**** GIVEN DATA
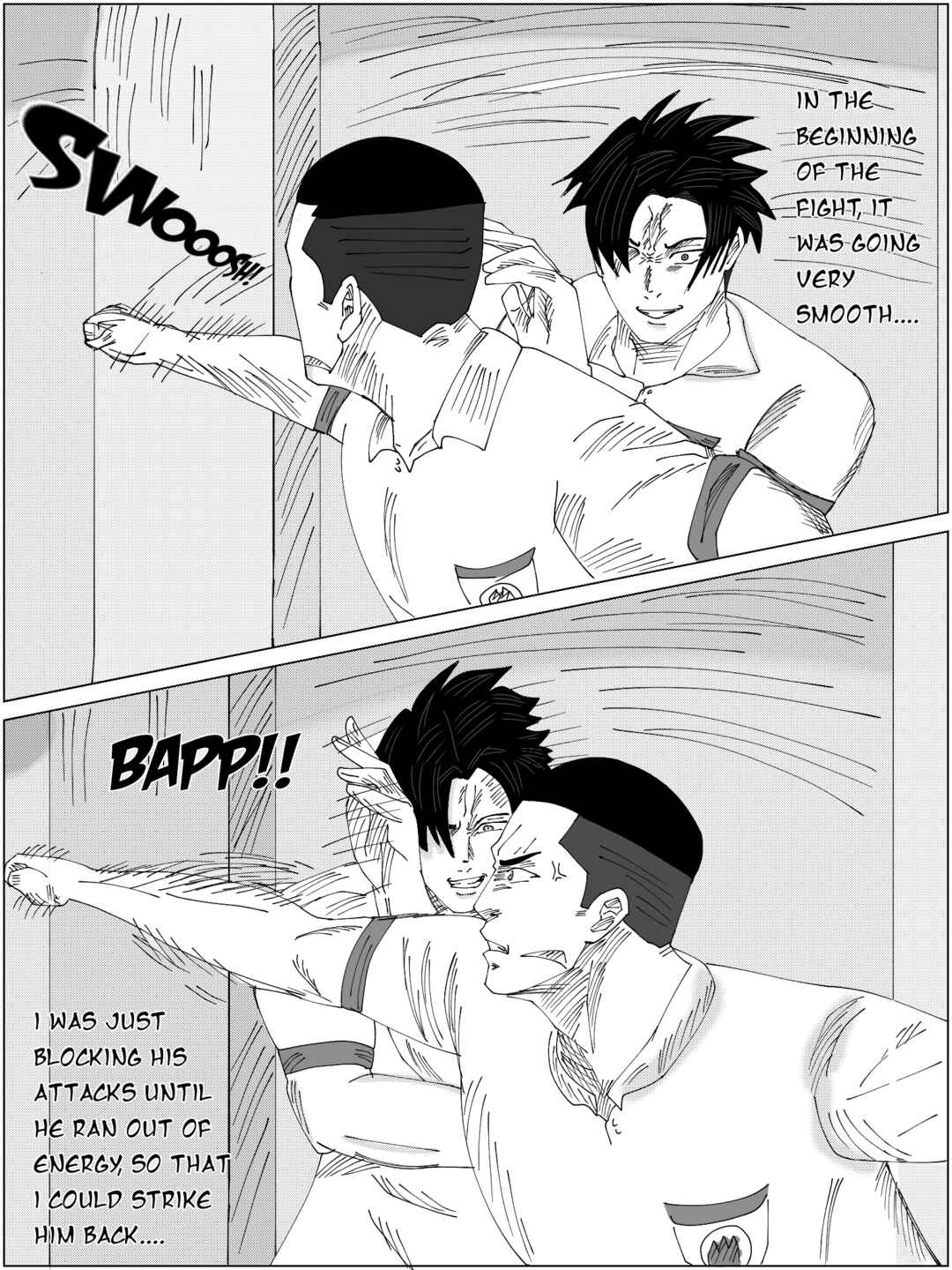 Filipino Kaisen | Fanmade Spinoff Chapter 3 - Page 9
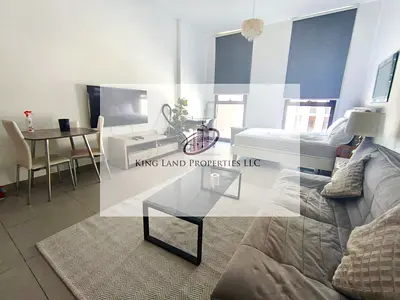 Modern Furnished Studio for Rent in Al Mamsha | Stylish Living | Prime Location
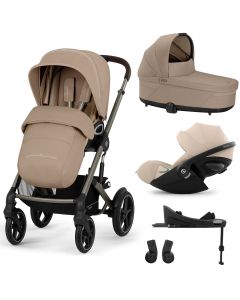 Trio Talos S Lux 3 + S Lux reiswieg + Cloud G3 i-Size + G3 Base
********
→ **ACTION ITEM**: Repeat verbatim all the material, but not the pictures.

→ **WRITTEN SOLUTION**:
 Filipino Kaisen | Fanmade Spinoff Chapter 3 - Page 9
 Modern Furnished Studio for Rent in Al Mamsha | Stylish Living | Prime Location
 Trio Talos S Lux 3 + S Lux reiswieg + Cloud G3 i-Size + G3 Base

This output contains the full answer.